Clusters Login Statistics
Specification Document
Revision 002 - 12/18/2001
Mike Kelleher - Clusters

1. Overview:
Clusters desires login data for its public labs for the purpose of generating statistics. These statistics will help Clusters determine appropriate upgrade paths and concentrate its support where it is needed most. However, login records are considered very sensitive personal information and cannot be exported en masse to Clusters directly. Additionally Clusters desires affiliation/class information about its users but does not have the knowledge required to correlate affiliations with user IDs.
To that end the Systems Group and Clusters will cooperate to get Clusters login data it needs to generate statistics while preserving the integrity of the Kerberos logs and the privacy of its users.
The result of this cooperation shall be a script, written and maintined by the Systems Group which will pull data from a Clusters-provided list of Cluster machines (defined below) and generate output files which will be readable by Clusters staff and used to generate statistics. These result files will not have any personally identifiable user information.


2. Script Input:
2.1. Clusters will maintain a text file on AFS which the script will use as input to filter the Kerberos logs. The file shall be TAB-delimited and contain the following fields, in order:
	2.1.1. MachineIPAddress (Internet dot-notation format)
	2.1.2. MachineLocation
	2.1.3. MachinePlatform
2.2. This file shall be located at /afs/andrew/acs/ac/clusters/login-stats/cluster-machines and will be known as the "cluster-machines" file.
2.3. MachineLocation and MachinePlatform have no semantic meaning for the script.

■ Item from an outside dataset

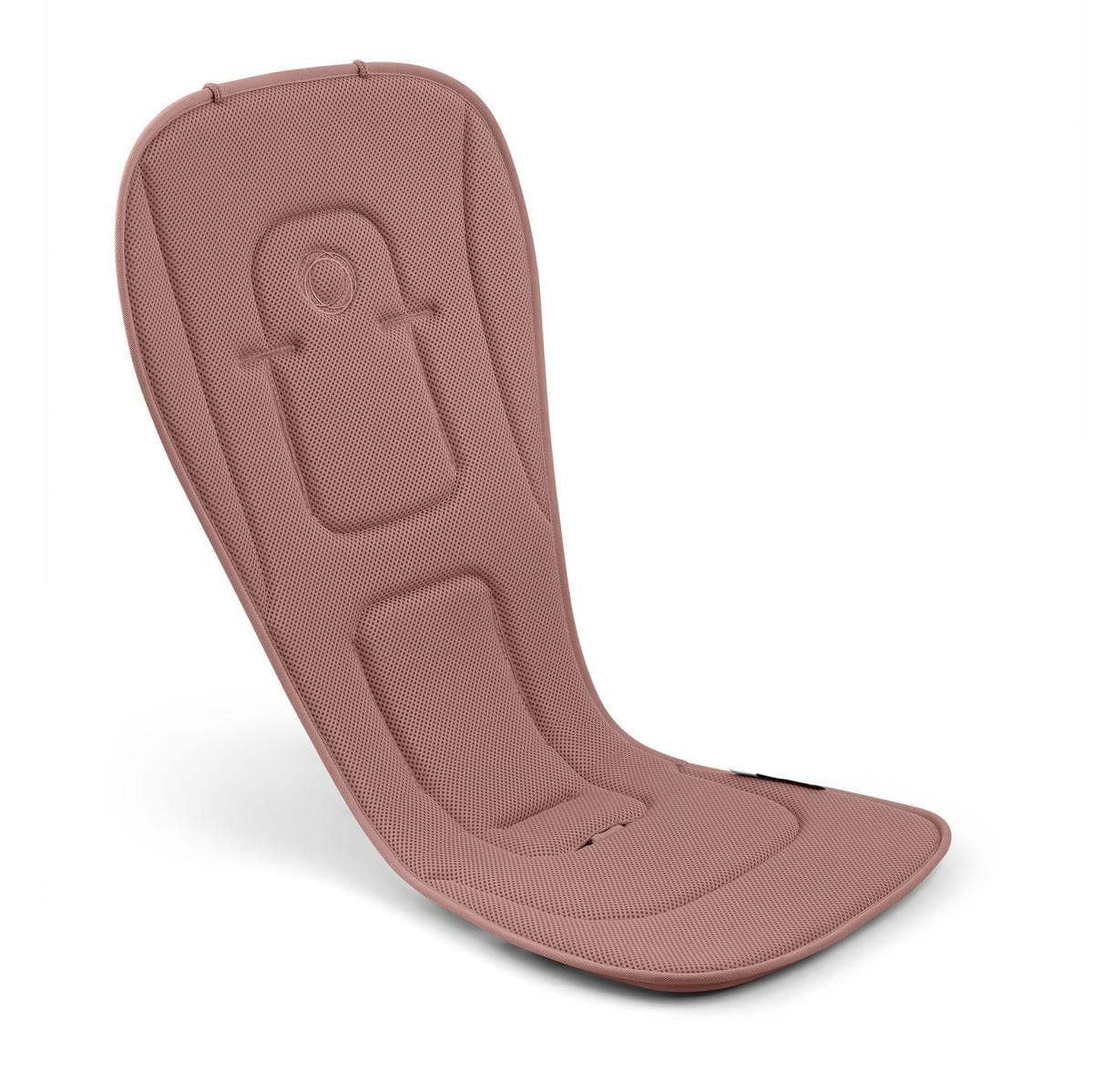 Bugaboo Dual Comfort Seat Liner - Dusty Pink - 100038057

The are used as sort terms. These strings are case sensitive so BH140 and bh140 will be considered separate locations. The strings must not contain the tab character.
2.4. If there are not exactly three TAB-delimited columns in any line the script will exit with an error.
2.5. Sample cluster-machines data can be found at /afs/andrew/acs/ac/clusters/login-stats/cluster-machines-sample


3. Script Output:
3.1 The script will be run weekly in production use. The script shall place its output in the directory /afs/andrew/acs/ac/clusters/login-stats/. Provided a PTS group or login ID, Clusters will provide appropriate read/write access in AFS to this directory.
The login stats script will generate two output files. In the filenames below, yyyy-mm-dd should be replaced with the date the script runs, in yyyy-mm-dd format.

3.2 Bulk Login Data
3.2.1. The first file, yyyy-mm-dd-logins will have one line per Cluster machine login. The file will be TAB-delimited. Any tabs in the input data shall be converted to space characters before output. 
3.2.2. The logins file will have the following fields, in order:
	3.2.2.1. Timestamp - mm/dd/yyyy hh:mm format.
	3.2.2.2. eduPersonAffiliation - (Student|Staff|Faculty)
	3.2.2.3. cmuDepartment - string
	3.2.2.4. cmuStudentClass - (Freshman|Sophomore|Junior|Senior|5thYear|GradStudent)
	3.2.2.5. MachinePlatform - from the cluster-machines input file
	3.2.2.6. MachineLocation - from the cluster-machines input file
3.2.3. Sample bulk login output can be found in /afs/andrew/acs/ac/clusters/login-stats/yyyy-mm-dd-logins-sample


3.3. Summary Data
3.3.1. The second output file, yyyy-mm-dd-summmary will contain summary information about user logins. This file will also be TAB-delimited. The file will have one unique platform/room/date combination per line.
3.3.2. It will contain the fields:
	3.3.2.1. Date - mm/dd/yyyy
	3.3.2.2. MachinePlatform - from the cluster-machines input file
	3.3.2.3. MachineLocation - from the cluster-machines input file
	3.3.2.4. totalLogins - int
	3.3.2.5. uniqueUserLogins - int (number of unique users seen)
3.3.3. The script will also generate daily totals by MachinePlatform, MachineLocation, and both. (see sample output)
3.3.4. Sample summary data can be found in /afs/andrew/acs/ac/clusters/login-stats/yyyy-mm-dd-summary-sample


3.4. Missing values in any output file will be indicated by "NIL".